**WHAT TO DO**
Excluding pictures, reproduce word for word the lines from the one containing "Used 2023 Land Rover Range Rover SE image 11" through the end of the material below.

::: INPUT MATERIAL

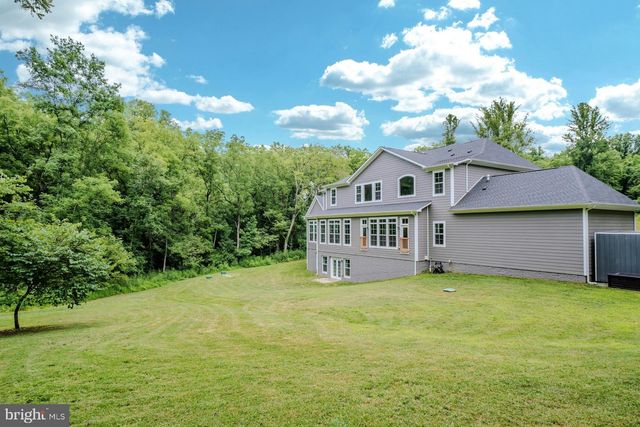 19016 BRIDLE BRANCH LN, Purcellville, VA 20132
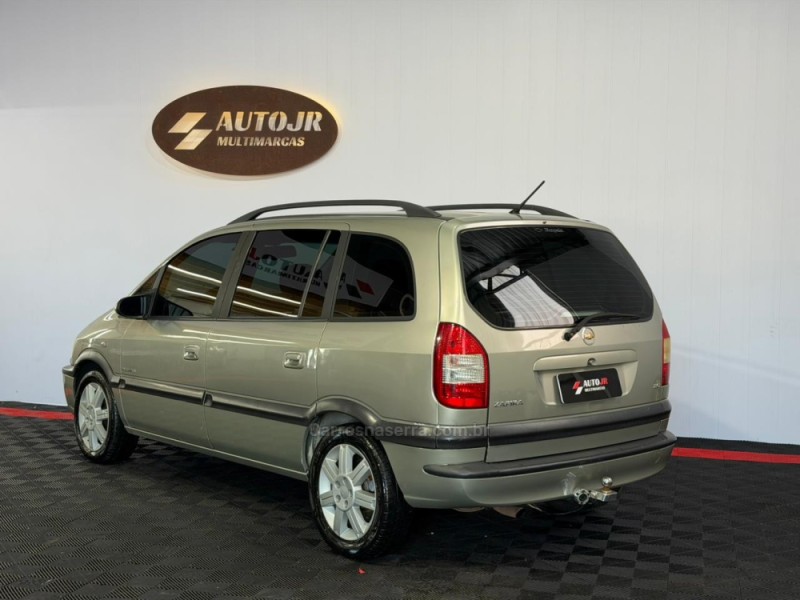 ZAFIRA 2.0 MPFI ELEGANCE 8V FLEX 4P AUTOMÁTICO - 2010 - VACARIA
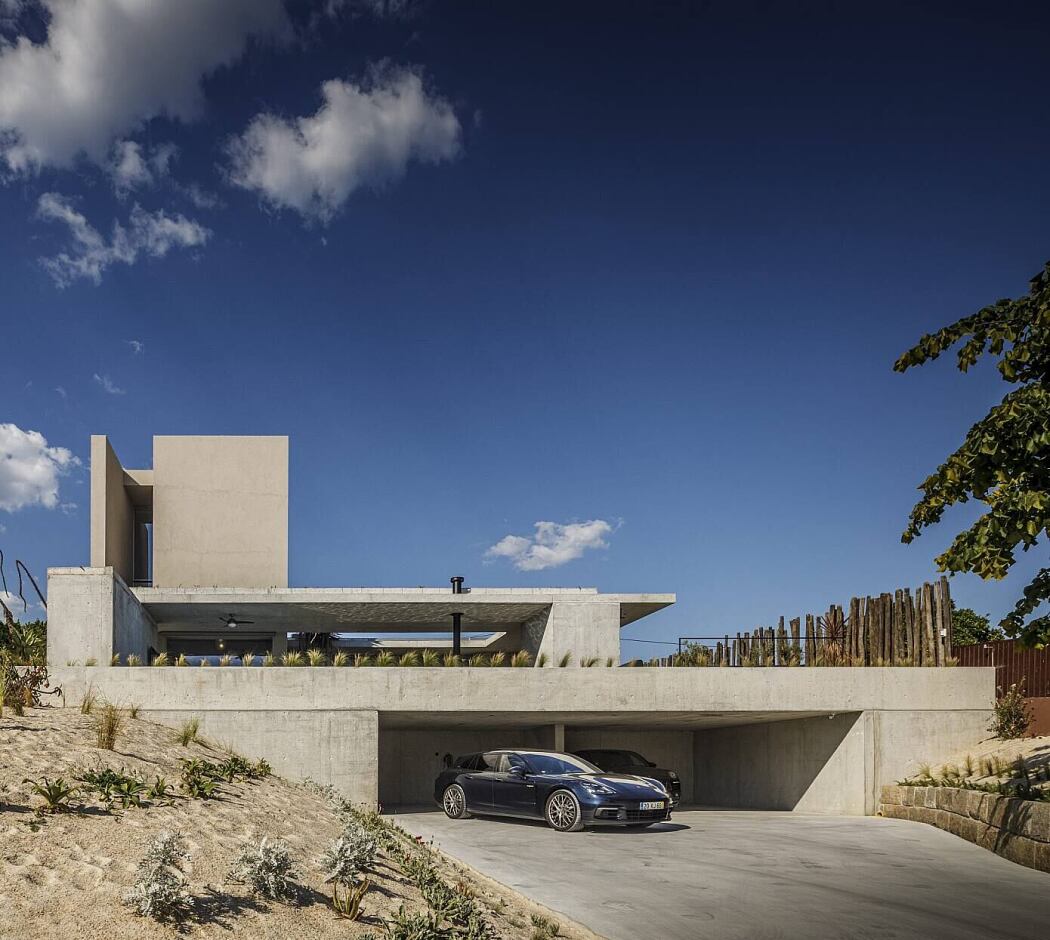 EV House by Artspazios Arquitectos e Designers - 1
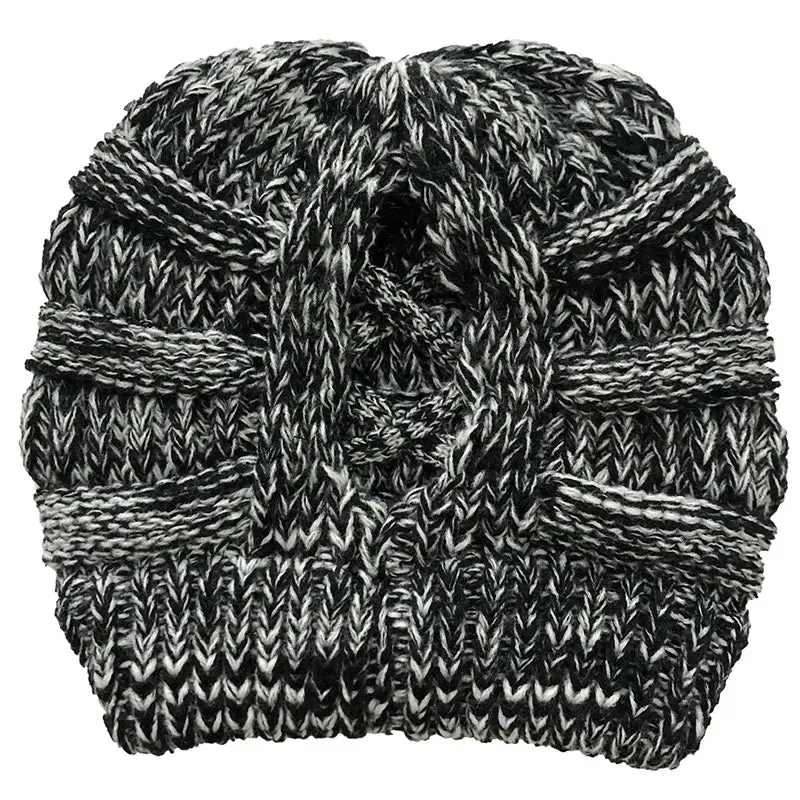 Bonnet Femme Hiver avec Ouverture pour Queue de Cheval - Pony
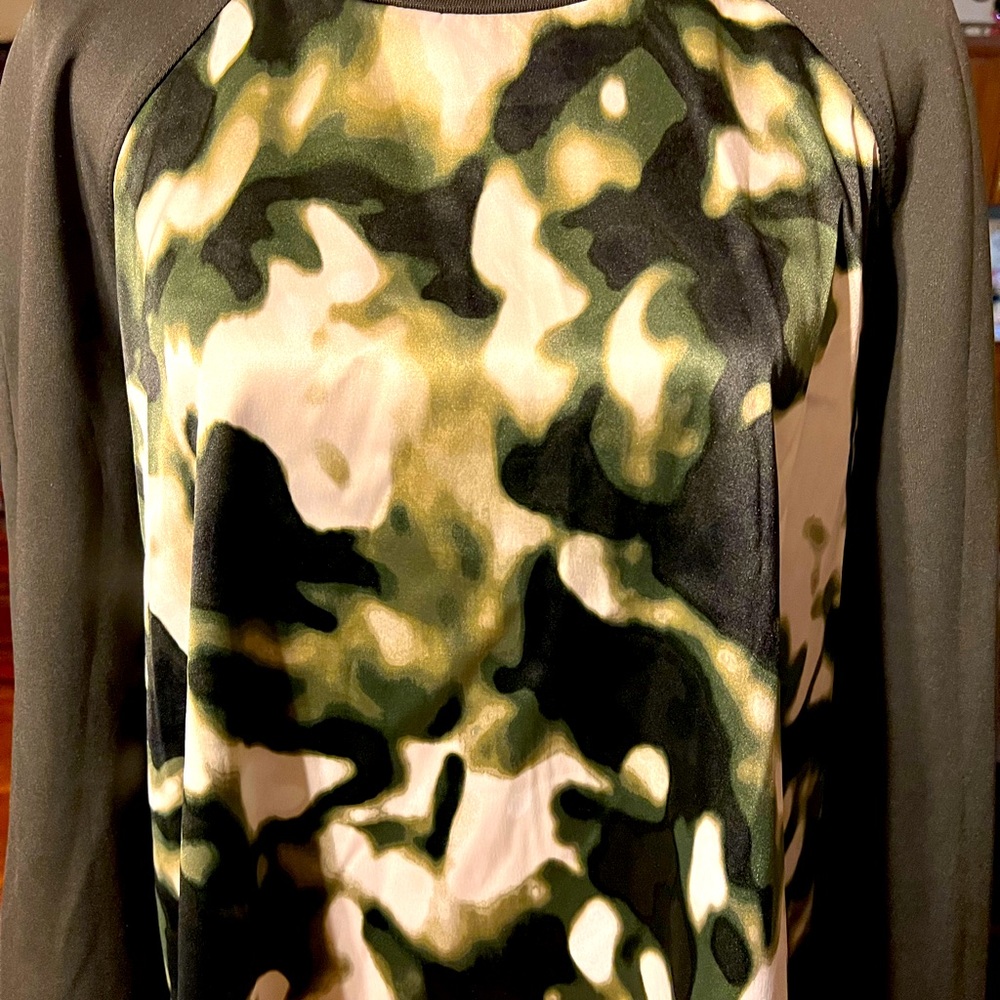 Simply Vera Vera wang blouse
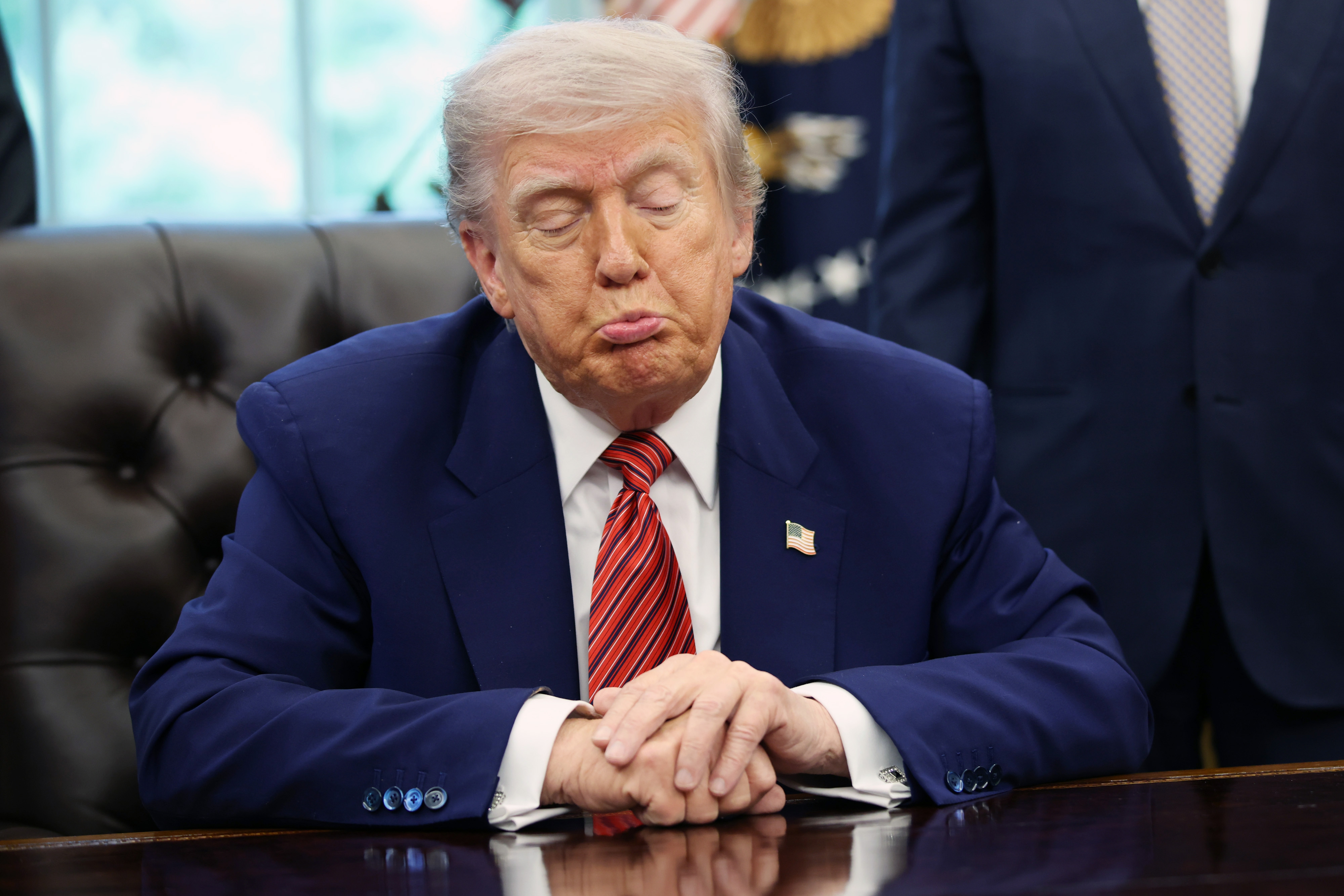 Featured image for Trump Criticizes Wall Street's 'TACO' Trade and Tariff Negotiations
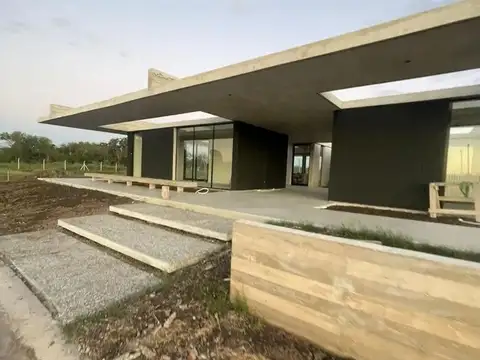 Av Mayor Irusta 2300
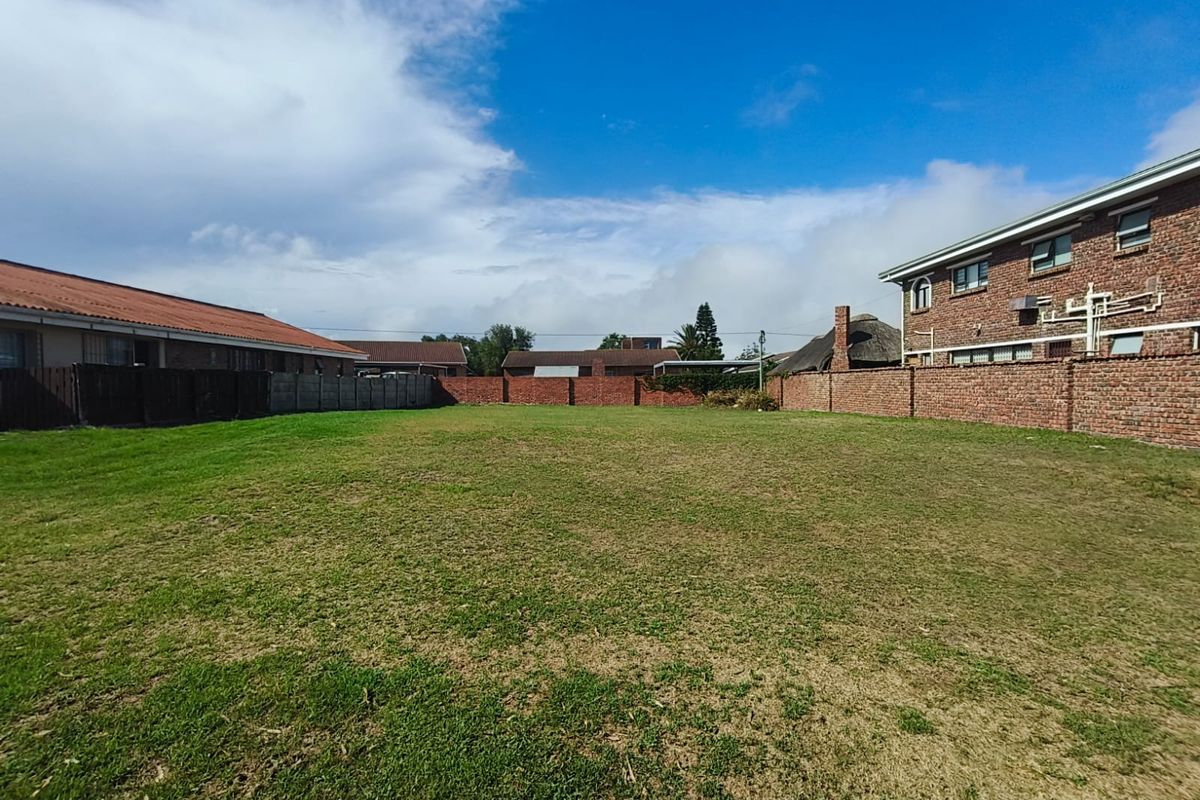 Prime 600m2 Level Stand in Upper Noorsekloof - Photo 2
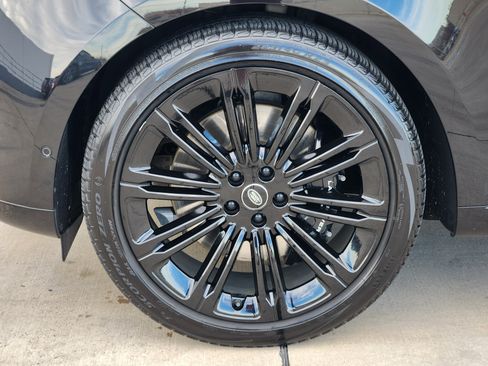 Used 2023 Land Rover Range Rover SE image 11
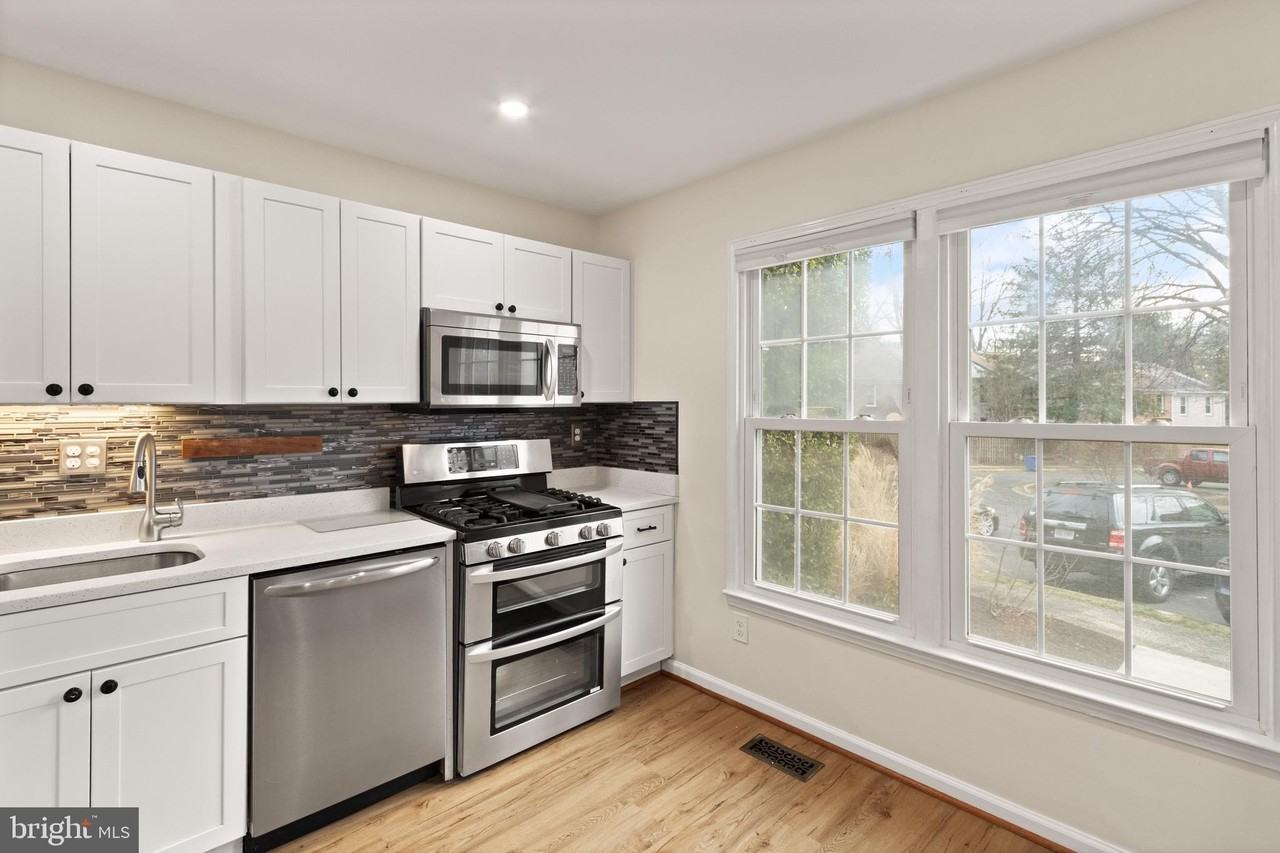 2410 Alsop Ct - Photo 4 of 29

::::::

**REPLY**
 Used 2023 Land Rover Range Rover SE image 11
 2410 Alsop Ct - Photo 4 of 29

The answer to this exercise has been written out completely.